Cezaevindeki hücrede hayatın büyük bir kısmı üç kişinin kahvaltı ettiği, öğlen ve akşam yemeği yediği, çay kahve içtiği ve üzerine yerleştirilmiş küçük televizyon ekranından dünyaya bağlanmayı çabaladığı tek kişilik plastik bir masa etrafında geçer. Duyduklarınız, okuduklarınız, onların yarattığı çağrışımlar, his ve niyetler, anılar bu masanın başında öbeklenir. Ben bunları bölük pürçük olarak önümdeki peçetelere yazardım. Sonra da o peçeteler fazlalaşınca “peçete notları” olarak kâğıda geçirirdim. Artık Silivri Notları’nı istiflediğim belgede hem o peçeteler, hem de beyaz kâğıtlara aktardığım “Peçete Notları” var.

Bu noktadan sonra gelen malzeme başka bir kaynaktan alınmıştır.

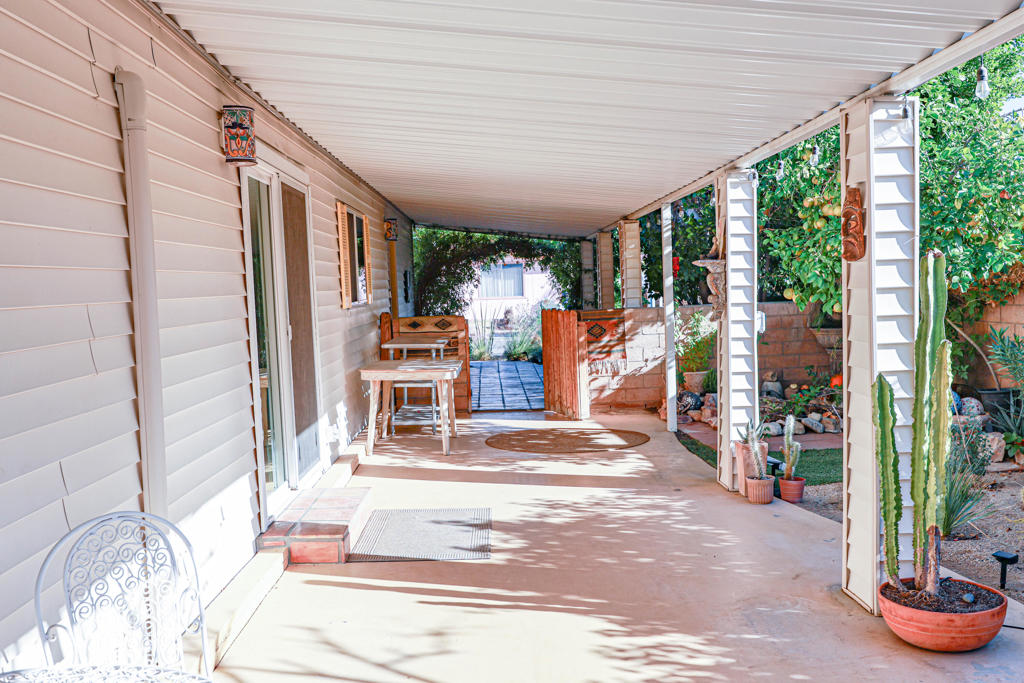310 Via Don Benito Property Photo 34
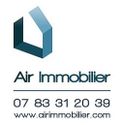Air Immobilier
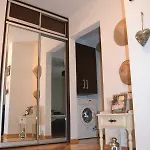 Relax Apartmán *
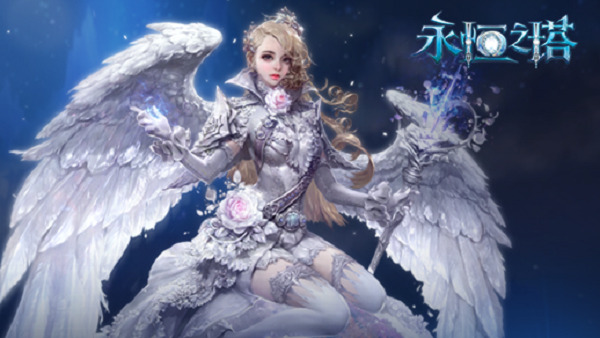 星耀国际官方网站图片
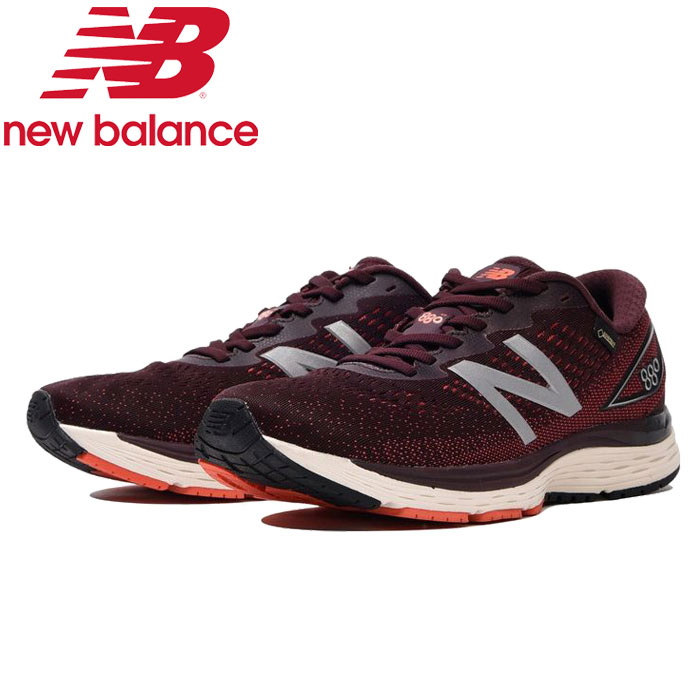 new balance m880 new balance m880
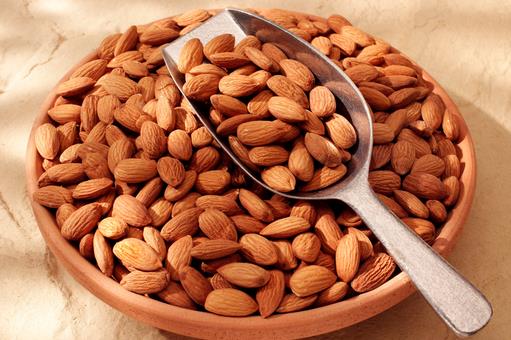 上班吃什么零食好? 辦公室必備10大好零食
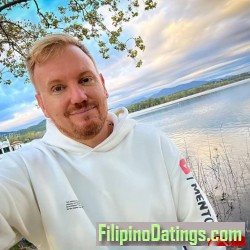 Lunaflorenc54, 19860430, Alexander City, Alabama, United States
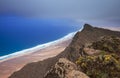 Southern Fuerteventura, Jandia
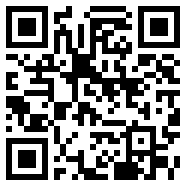 52追书大全APP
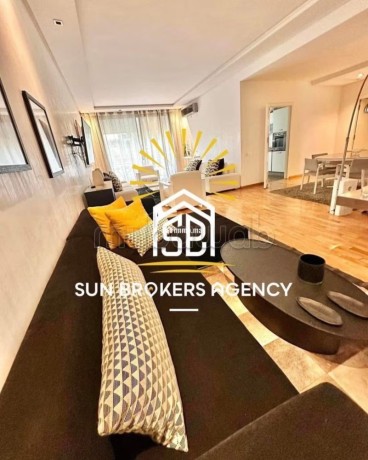 appartement-a-louer-a-ain-diab-3-chambres-bien-meuble-big-3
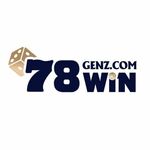 78wingenin is swapping clothes online from 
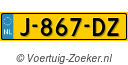 J867DZ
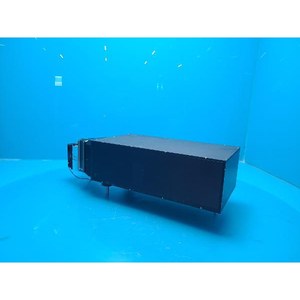 Tête de détecteur CCD Semilab PS-2500, utilisée telle qu'elle est, pièces d'équipement semi-conducteur d'occasion - Product Image 2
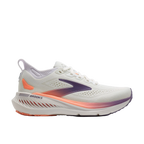 GLYCERIN GTS 23 W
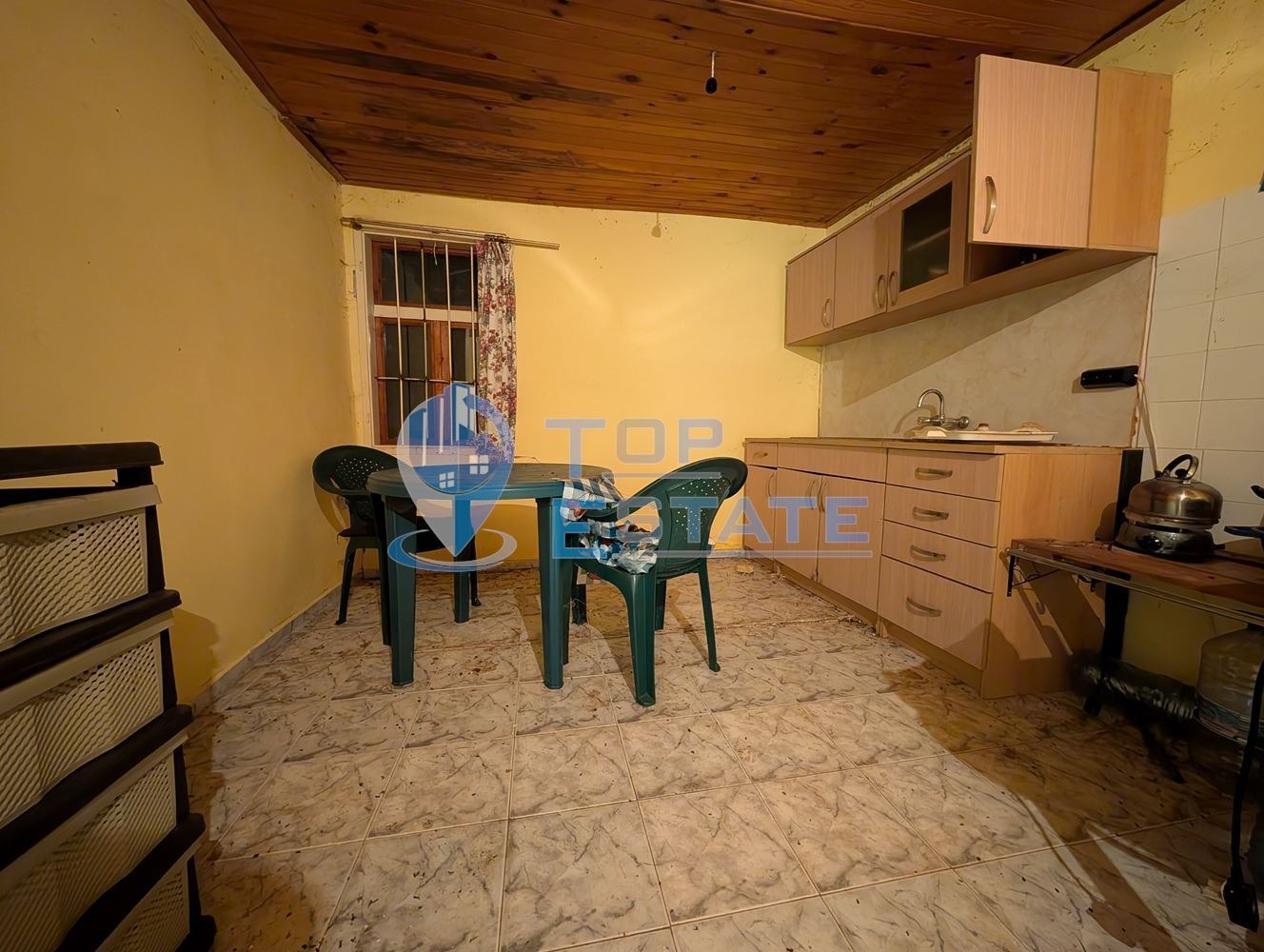 ������� ���� | Imot.bg � ����������� 2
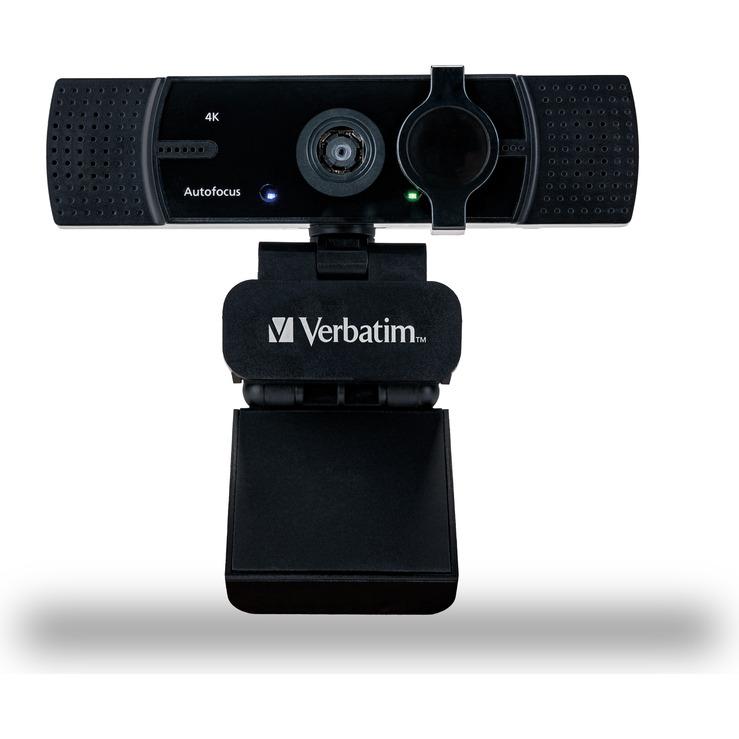 product/v/e/verbatim_49580_1.jpg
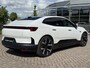 Polestar 4 Long Range Dual Motor Performance | Nappa Leder | PRIME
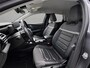 Citroën E-C4 Shine 50 kWh Wordt Verwacht | Navigatie | Camera | Keyless Entry en Start | Head Up Display | Draadloze Telefoonlader |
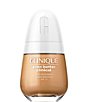 Clinique Even Better Clinical™ Serum Foundation Broad Spectrum SPF 25, Color:56WN 115 5 Mocha - Image 1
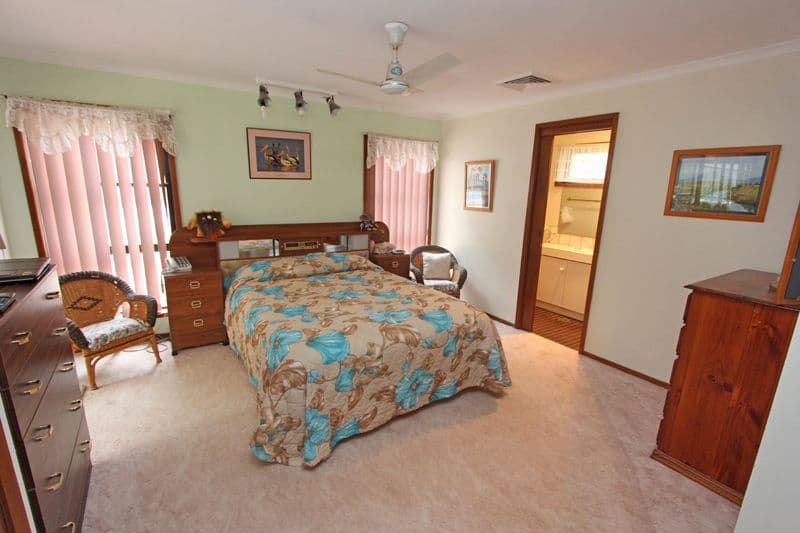 56 Orana Street, GREEN POINT NSW 2251, Green Point - Thumbnail 8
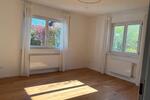 Einfamilienhaus Bad Saulgau - 6 Zimmer, 179 m&sup2;, 1.450&euro; | Angebot:26427070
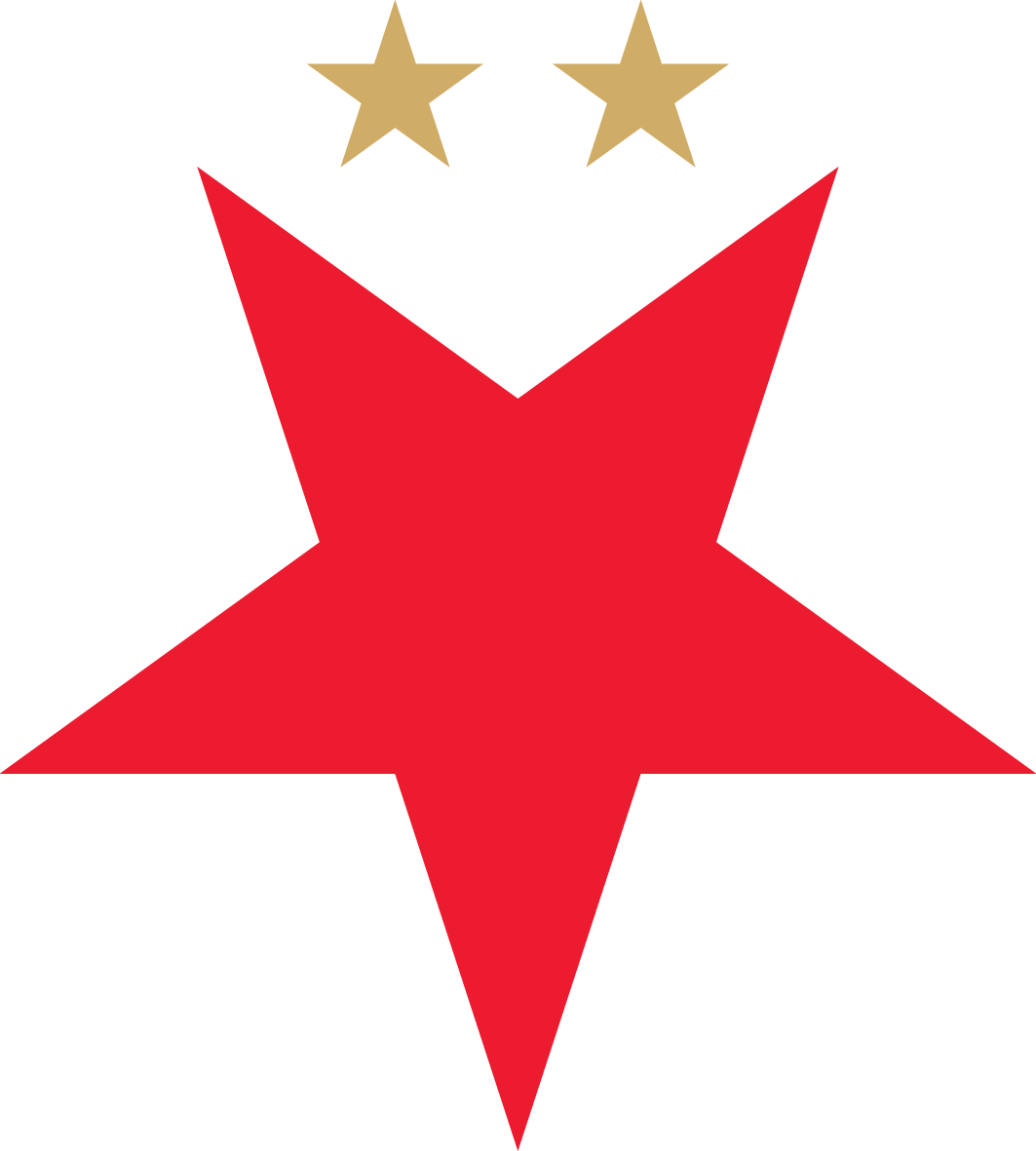 Slavia Prague FC - Image 1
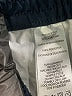 Eddie Bauer 100% Polyester Solid Blue Active Pants 12-18 MO / 18 MO - photo 4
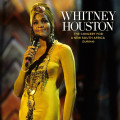 CDHouston Whitney / Concert For a New South Africa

İki yıl evvel bugünlerde Silivri Cezaevi’nde neler yaptığıma bakarken, 3 Ağustos 2017 tarihinde “Peçete Notları” aldığımı gördüm.
Hukuk varmış sanarak yargılanmakta olduğumuz İstanbul 26. Ağır Ceza Mahkemesi’ndeki süreç ile ilgili 5 etaplı hatırlatma notları almışım:
1 — Orta karar
2 — İtiraz Kararı
3 — Aylık Kontrol
4— Savunma (print)
5— Kitaplarım (mahkeme)
Darbelerin Ekonomisi
Milliyetçilik ve Çeteler
Cami Kışla Parantezinde Türkiye.
Şimdi geriye dönüp baktığımda anayasal kabahat işleyecek kadar Türkiye’deki hukuksal mevzuatla ilgisini yitirmiş olanlara suçsuzluğumu anlatmak için gösterdiğim çaba fazla saf ve çok fazla çocuksu görünüyor. Ne orta karar, ne karara itiraz, ne savunma, ne de ömür duruşunun dokümanları olan kitaplar… Anayasa ve kanunlara uyulmayan bir yerde bunlar beyhude çabalar…
***
Asıl kendi dünyama yönelik bir not var:
İki milyon üç yüz bin çalışanı olan Amerikan perakende satış şirketi Walmart’ın piyasa kıymeti 485 milyar dolar olmuş. “Apple”ın yanında ise 307 milyar dolar ibaresi var, parantez içinde net satış yazmışım.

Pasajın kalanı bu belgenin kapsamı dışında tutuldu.